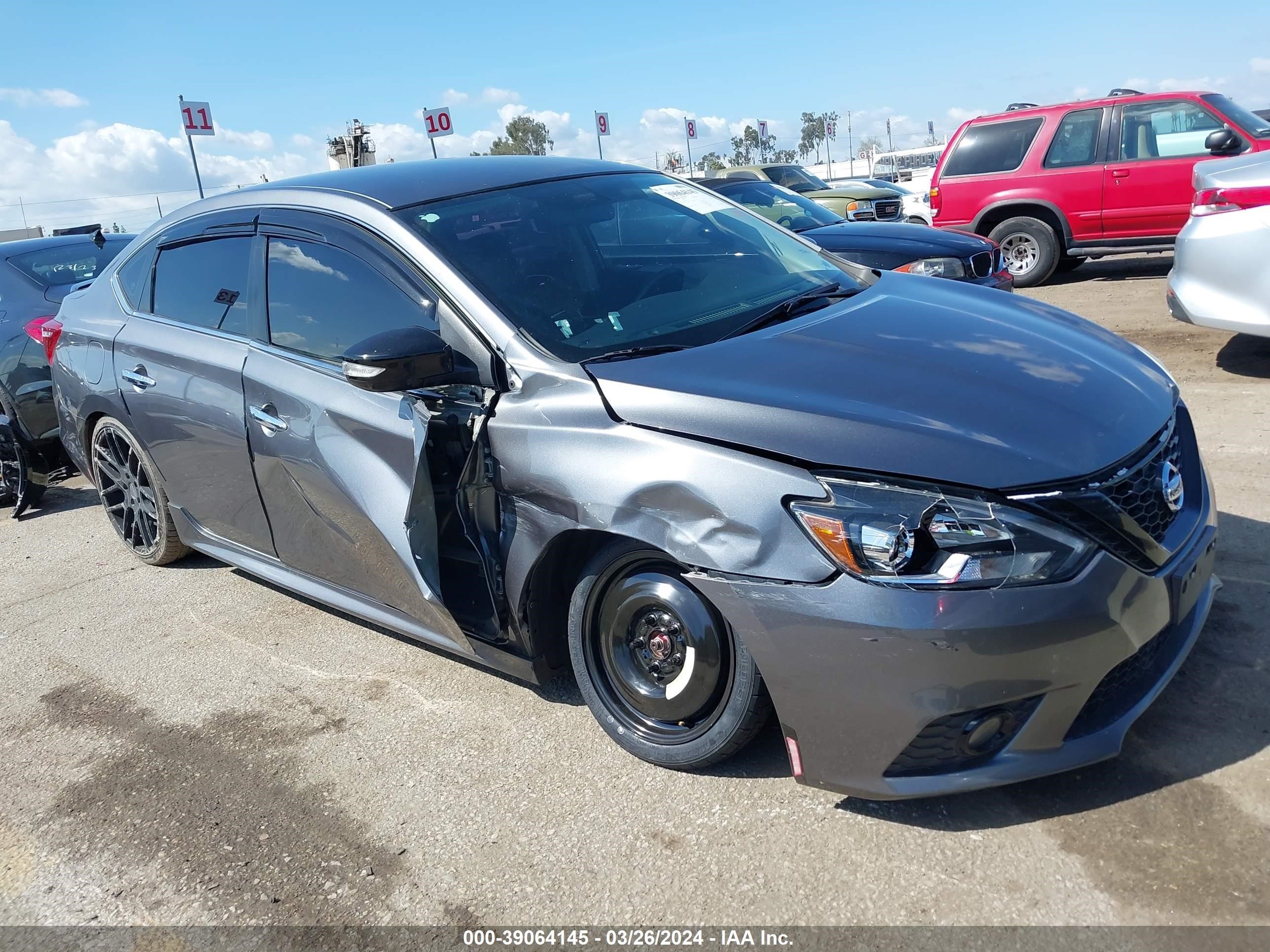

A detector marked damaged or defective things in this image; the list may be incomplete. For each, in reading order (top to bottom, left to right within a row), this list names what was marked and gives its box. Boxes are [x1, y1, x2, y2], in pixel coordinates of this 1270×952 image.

dented front door [239, 347, 467, 655]
damaged gray sedan [52, 160, 1219, 802]
cracked headlight lens [787, 477, 1087, 589]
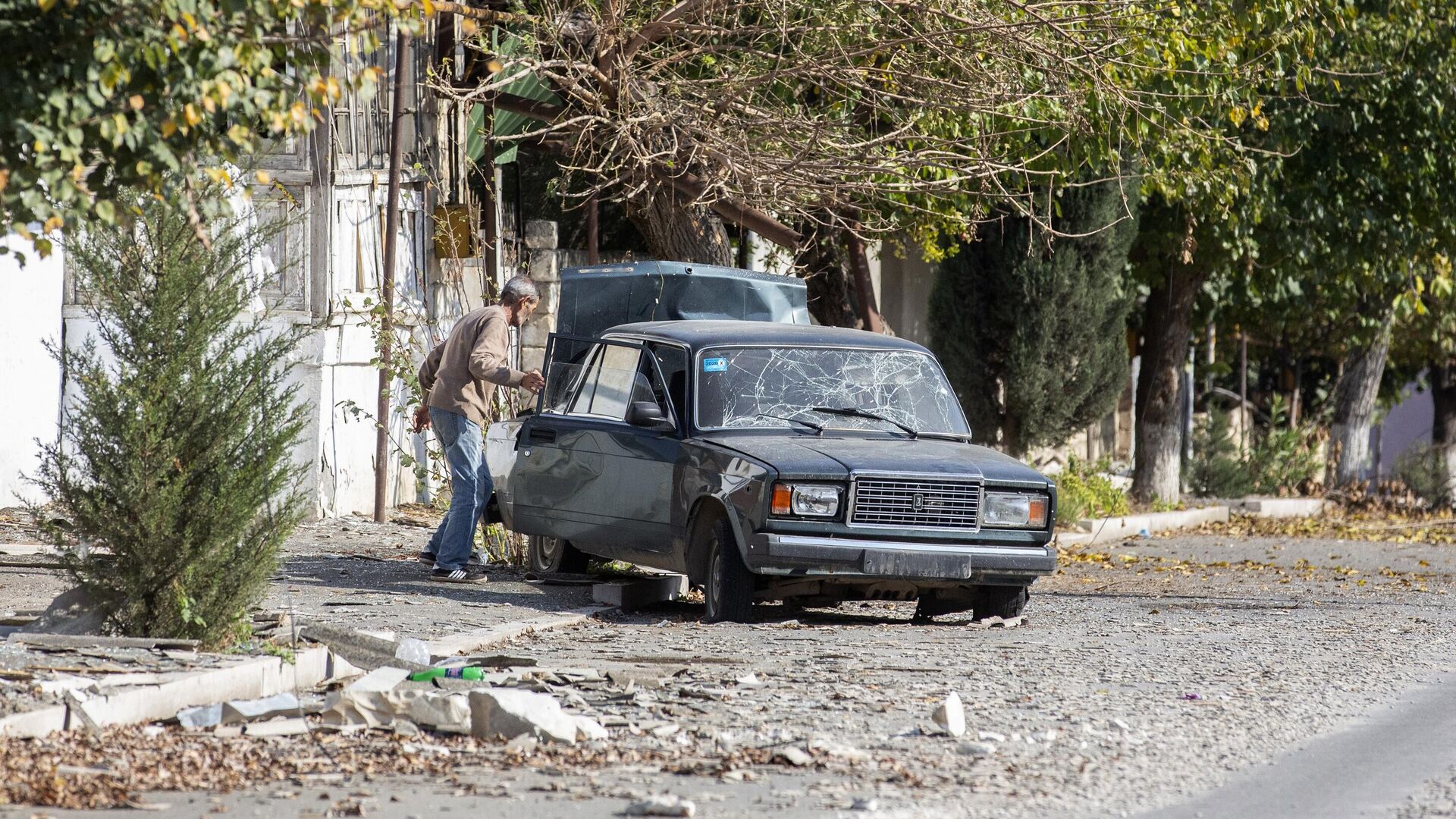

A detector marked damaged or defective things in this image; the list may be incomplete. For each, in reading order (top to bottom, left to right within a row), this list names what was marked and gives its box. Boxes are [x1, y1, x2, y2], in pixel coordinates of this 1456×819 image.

cracked windshield [692, 344, 966, 434]
shattered glass [695, 344, 966, 434]
broken concrete slab [588, 574, 684, 606]
broken concrete slab [469, 685, 576, 743]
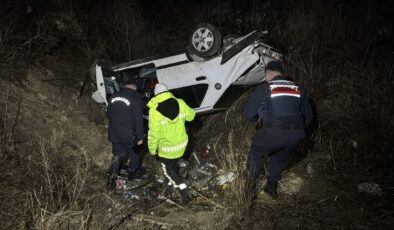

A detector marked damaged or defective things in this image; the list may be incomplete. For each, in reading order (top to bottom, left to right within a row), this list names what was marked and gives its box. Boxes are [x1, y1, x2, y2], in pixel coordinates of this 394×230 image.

overturned white car [92, 23, 282, 114]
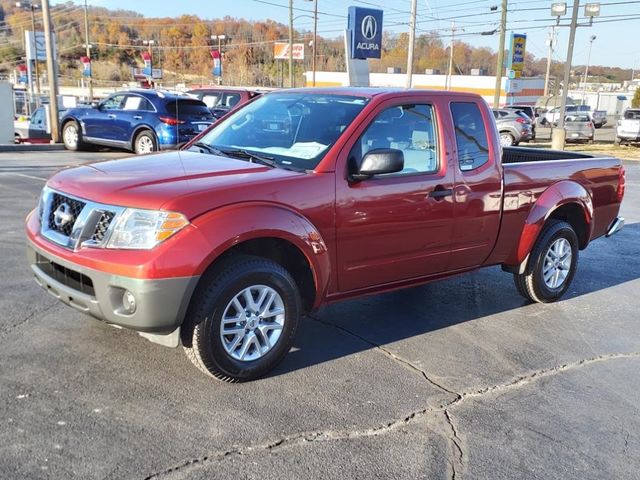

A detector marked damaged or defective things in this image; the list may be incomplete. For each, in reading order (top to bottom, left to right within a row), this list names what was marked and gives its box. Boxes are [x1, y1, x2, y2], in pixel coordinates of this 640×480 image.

pavement crack [0, 302, 58, 336]
pavement crack [308, 316, 462, 398]
pavement crack [444, 408, 464, 480]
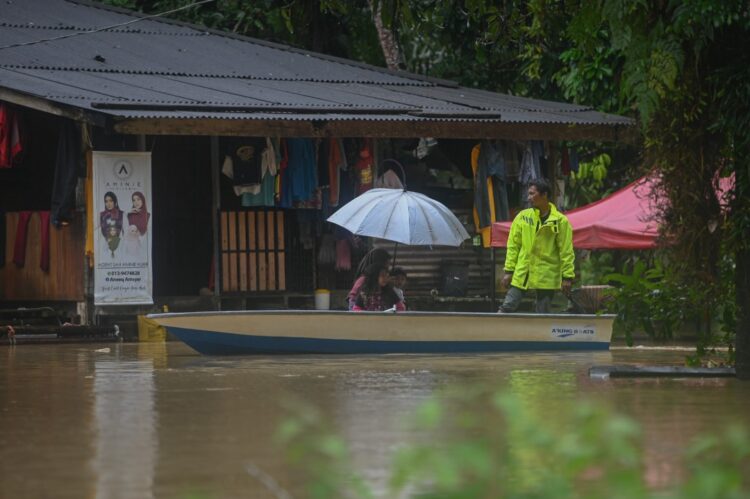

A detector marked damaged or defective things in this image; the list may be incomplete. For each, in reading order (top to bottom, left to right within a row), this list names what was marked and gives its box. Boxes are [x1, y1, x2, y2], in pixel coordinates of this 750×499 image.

rusty roof edge [66, 0, 464, 89]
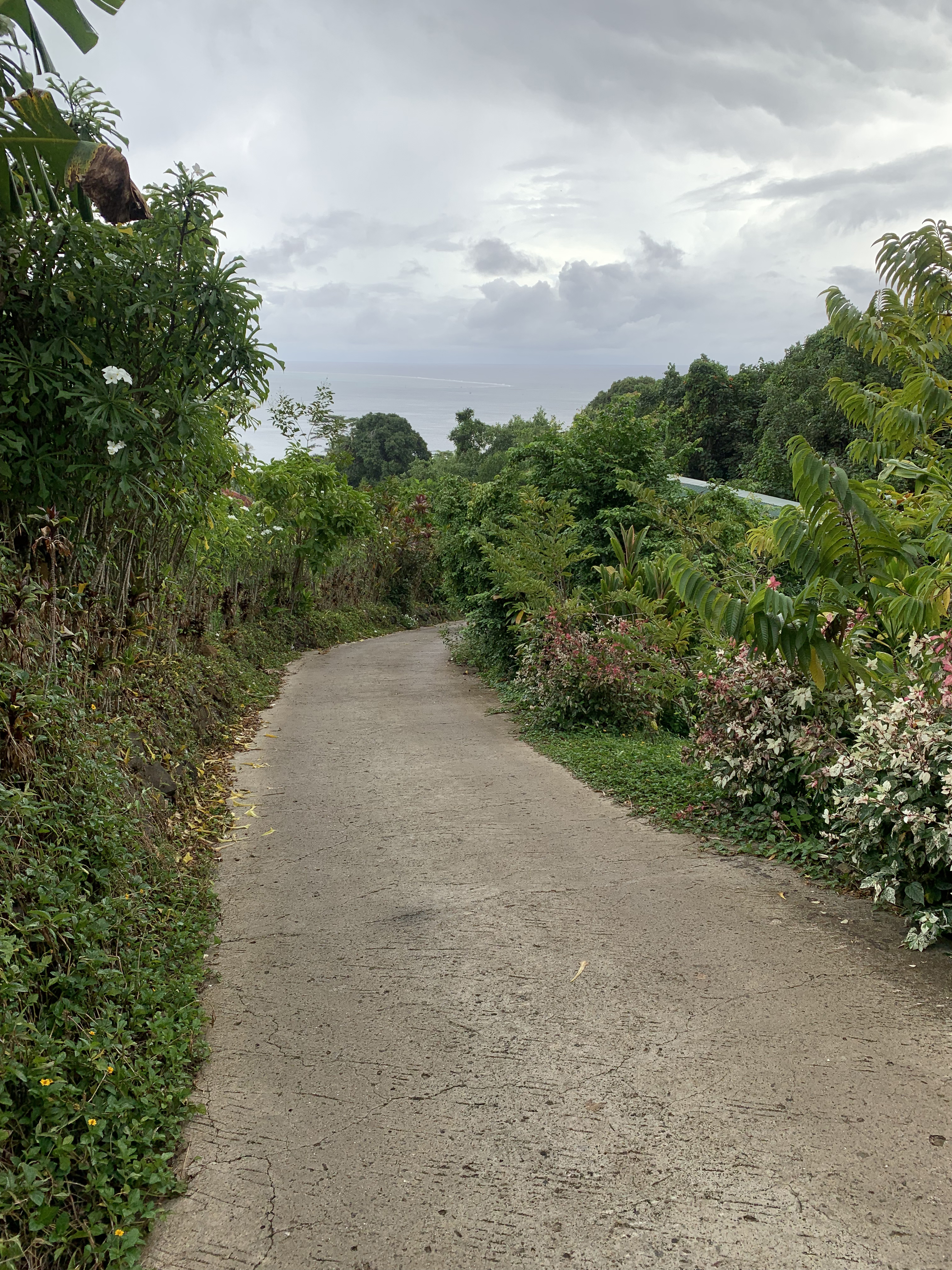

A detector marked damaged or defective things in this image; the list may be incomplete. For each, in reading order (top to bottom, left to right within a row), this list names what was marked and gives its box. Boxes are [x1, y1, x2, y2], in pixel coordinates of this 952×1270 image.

cracked pavement surface [143, 627, 952, 1270]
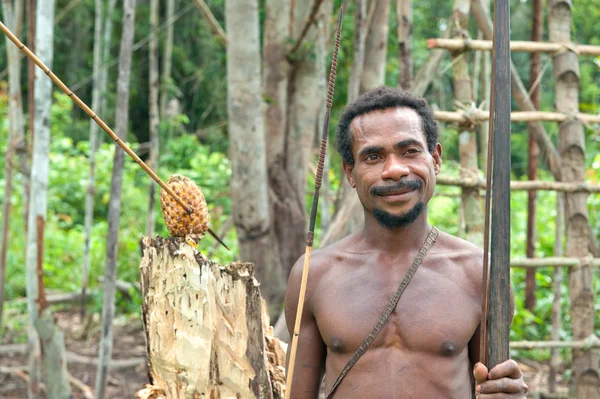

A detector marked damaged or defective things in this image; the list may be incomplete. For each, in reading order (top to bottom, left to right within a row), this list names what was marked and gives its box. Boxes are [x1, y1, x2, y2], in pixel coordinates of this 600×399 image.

splintered wood [138, 238, 286, 399]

^^^^

Starting from the line that contains "this 600×399 image.", transcribe each line to the end of the records above. Please add nothing.

Result of this task –
A detector marked damaged or defective things in this image; the list may be incomplete. For each, in reading order (top to bottom, left to right within a row), this list names what was marked and gives its box. Boxes are [x1, y1, x2, y2], in pixel coordinates of this 600×399 image.

splintered wood [138, 238, 286, 399]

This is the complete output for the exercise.